Posted on 01/18/2004 8:19:33 AM PST by knighthawk
LONDON: More than five million detailed aerial photographs from World War Two go onto the Internet from Monday, giving the public their first views of some of the most dramatic and grisly moments of the conflict.
From the smoke billowing from the incinerator of the Auschwitz concentration camp in which millions of Jews were murdered by the Nazis, to the US landings on Omaha beach on D-Day, June 6, 1944 , the pictures tell dramatic stories.
"These images allow us to see the real war at first hand," project head Allan William said. "It is like a live action replay."
"They were declassified years ago, but it takes days to find an individual image. Now they have been digitised and will be on the Internet, it takes seconds," he told Reuters.
Wartime planners depended heavily on aerial photography -- and in particular the specialist photographic interpreters who spent hours after each sortie pouring over the pictures seeking evidence and clues -- to pick their targets.
"The pictures were vital to the war effort. For example for years before the final choice of beaches was made for the D-Day landings, photographic interpreters had been watching the whole shoreline of northern France ," Williams said.
The pilots who took the highly detailed pictures were some of the most daring in the skies, flying unarmed, unprotected and alone often at very low level to fulfil their missions. Hundreds never returned from their perilous missions.
In the Auschwitz pictures, prisoners can be seen queuing up for roll call, and in the D-Day pictures bodies can be seen floating in the sea.
Apart from these gripping images -- some of more than 40 million taken over the years and lodged in the National Archives -- there are also pictures of the German battleship Bismarck hiding in a Norwegian fjord.
Seven days after the picture was taken in May 1941, a combination of Royal Navy bombardment and Royal Air Force attacks had sunk the most feared German surface raider of the war.
There is also a picture showing in stark detail the devastation wrought by the mass bombing raids on the German city of Cologne.
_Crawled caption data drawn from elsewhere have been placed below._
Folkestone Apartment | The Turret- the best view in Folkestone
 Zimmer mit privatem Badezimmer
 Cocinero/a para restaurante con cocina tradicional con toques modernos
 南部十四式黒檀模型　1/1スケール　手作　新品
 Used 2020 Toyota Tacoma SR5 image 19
Other pictures show gliders next to Pegasus Bridge , stormed by British airborne troops before dawn on the morning of D-Day in the first action of the Allied invasion to liberate France .
But the images are not just of historic interest. They are still used in the frequent discovery of unexploded bombs left over as deadly mementos of the war.
"We are often contacted when an unexploded bomb is found. We see if we have aerial reconnaissance photographs of the area and send them over so they can see if there may be any more," Williams said.
The images will be available on the Internet from Monday, January 19 at www.evidenceincamera.co.uk, but Williams said the Web site was already under siege.
Disclaimer: Opinions posted on Free Republic are those of the individual posters and do not necessarily represent the opinion of Free Republic or its management. All materials posted herein are protected by copyright law and the exemption for fair use of copyrighted works.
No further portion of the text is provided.